Virginia Peninsula Community College student Rebecca Holmes spent summer 2017 at the University of Colorado studying tectonics in the high plains of Boulder, Colo. The experience was part of a one-month internship called Research Experience for Community College Students (RECCS). The program lets students explore environmental or geosciences and gain the confidence to transition to a four-year program in the Science, Technology, Engineering Math (STEM) disciplines.
Guided by a graduate student who is working on a Master's thesis, Holmes received a weekly stipend to conduct field- or lab-based independent research over a nine weeks. She learned a computer program to create a map of the region and perform field work using various tools to sample and understand the region's topography. The opportunity came about through a webcast about internships for community college students recommended by Virginia Peninsula Geology Instructor Lynsey LeMay.

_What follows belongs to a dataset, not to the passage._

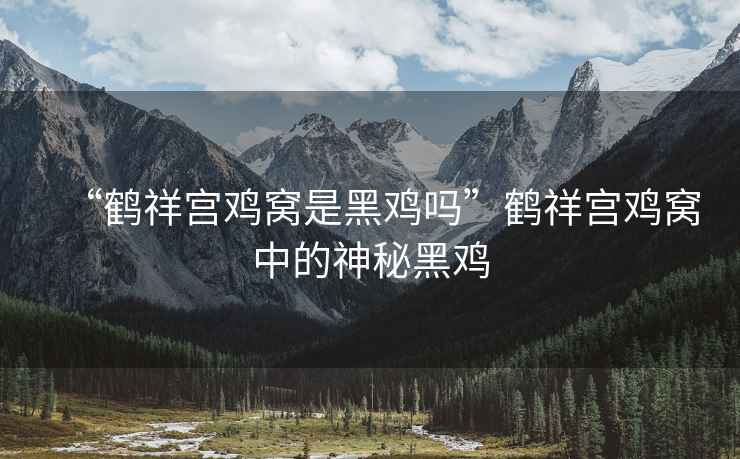 “鶴祥宮雞窩是黑雞嗎”鶴祥宮雞窩中的神秘黑雞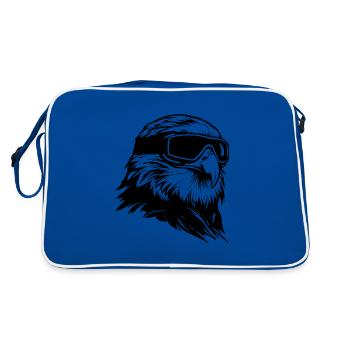 Adler Snowboard Ski Brille - Retro Tasche - Blau/Weiß - Hinten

Holmes followed up with a RECCS coordinator and secured the summer position.
The Social Science major is on track to complete her Virginia Peninsula studies and receive an Associate of Science degree this spring. A Phi Theta Kappa honor society member in Virginia Peninsula's Phi Sigma chapter, Holmes was accepted to University of Colorado, but is awaiting responses from Virginia Tech, University of Virginia, and William & Mary before deciding where to continue her education. She also has attending graduate school in her five-year plan.
A 2015 Woodside High graduate and Newport News resident, Holmes enrolled at Virginia Peninsula in January 2016 having attended James Madison University (JMU). "JMU was not exactly a good fit for me because I wasn't sure what I wanted to do yet.
I decided to come home and attend Virginia Peninsula because I wanted to try to take a variety of classes to see what I really wanted to do," Holmes said.
"I figured out exactly what I wanted to do and where I need to be here at Virginia Peninsula. When I came into college, I had no idea that I wanted to pursue geology. I think Virginia Peninsula is a great place to come to find out who you are, what you're passionate about, and what you want to do," she added.
Geology caught Holmes' attention when her academic advisor, Melissa Gray, suggested she take one of LeMay's classes. The experience ignited a growing flame. "Coming to Virginia Peninsula ultimately was the best thing for me. At this point it has become a passion pursuing what I really love. Hopefully, I will be making a difference in the scientific community one day," said Holmes.
She is grateful to LeMay and Gray for their contributions to her college education. [Lynsey LeMay] has gone above and beyond to make sure that I have the knowledge and the preparation to be able to go out and do an internship. She has done a great job of giving me an understanding and a perspective of what's it's like to be a geologist," she said.
"My advisor Melissa Gray has had my back the entire time I have been at this college. She has always been there any time I needed help, any time I needed advice ... She has been absolutely amazing in every way," Holmes added.